Shannon: Sam Obisanya enjoyed his best season since moving from Nigeria to AFC Richmond, helping the relegated Greyhounds bounce straight back into the Premier League. The winger scored his first hat-trick and it was no surprise to see him the subject of intense transfer speculation, eventually making the wise choice to remain at Nelson Road.
McMillan: Lamont Marcell Jacobs Jr. Honestly had anyone before 2021 heard of him other than Lamont Marcell Jacobs Snr? With Usain Bolt retired, it was all about crowning a new sprint king in the most anticipated event at each Olympics and it was won by a guy from Italy - a country now tied with New Zealand when it comes to 100m Olympic medals.
A sporting prediction for 2022....
Aldworth: Moana Pasifika to make the Super Rugby playoffs. Liam Lawson to get a contract to drive F1 in 2023. Vaccination status of athletes and crowds to be a constant talking point. The All Blacks' November test at Twickenham to be a barometer for the team's condition ahead of the 2023 World Cup. Portsmouth to win promotion to the Championship.
Pine: The All Whites will qualify for the 2022 World Cup with victory over Panama in June's intercontinental playoff, Chris Wood scoring both goals in a 2-1 victory.
Reive: The New York Mets will win the World Series - don't laugh... it could happen.
Wells: The White Ferns will finish in the top three at the World Cup. It seems optimistic given their recent results, but they've got the potential to do great things. Suzie Bates is in top form after recovering from shoulder surgery, and skipper Sophie Devine and Amelia Kerr are refreshed and raring to go after each taking a break from the game.
Smith: Here's a couple. The Crusaders probably win Super Rugby Pacific. The Warriors get to play at home but miss the playoffs. The America's Cup hosting debacle for 2024 heads to the courtroom and continues to alienate the very fans it managed to convert.
Napier: As the number of complainants continue to grow, World Rugby will attempt to settle out of court in the legal action for negligence being pursued by over 150 players, some of whom in their early 40s have been diagnosed with early onset dementia. Oh, and the Crusaders won't win Super Rugby.
Brown: New Zealand will win its first Winter Olympics gold medal with Zoi Sadowski-Synnott, Nico Porteous and Alice Robinson prime contenders in Beijing in February.

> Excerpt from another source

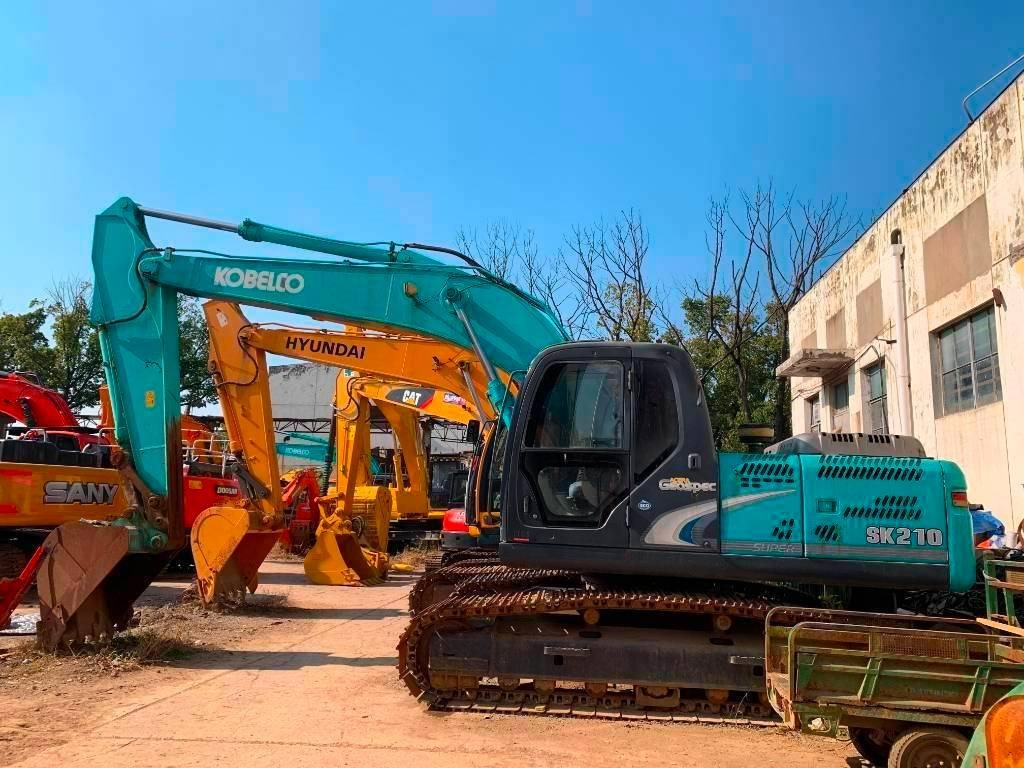 Kobelco SK 210 LC-8 - Bager guseničar: slika 2 Kobelco SK 210 LC-8 - Bager guseničar: slika 2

Waldegrave: World Rugby will sort out a global season? An Aussie will win the Supercars title? The Crusaders will lose? Steven Adams will play for the Tall Blacks? The Halbergs make sense? I'll make a correct prediction?

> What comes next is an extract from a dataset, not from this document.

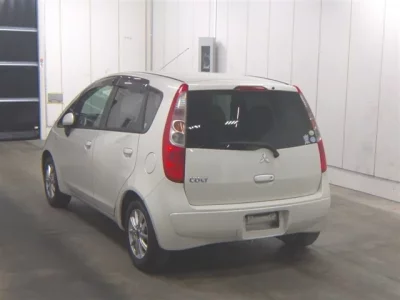 Mitsubishi COLT  с аукциона в Японии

Shannon: The White Ferns will sneak into the World Cup semis and edge India in a rain-interrupted clash. Facing England in the final, incredibly, a Super Over will be required to decide the champion. Then, unbelievably, the two sides will still be tied after the extra over. So, who wins? What's…a boundary countback? Never mind, my crystal ball must be broken, that makes no sense.
McMillan: Lionel Messi will win a Football World Cup.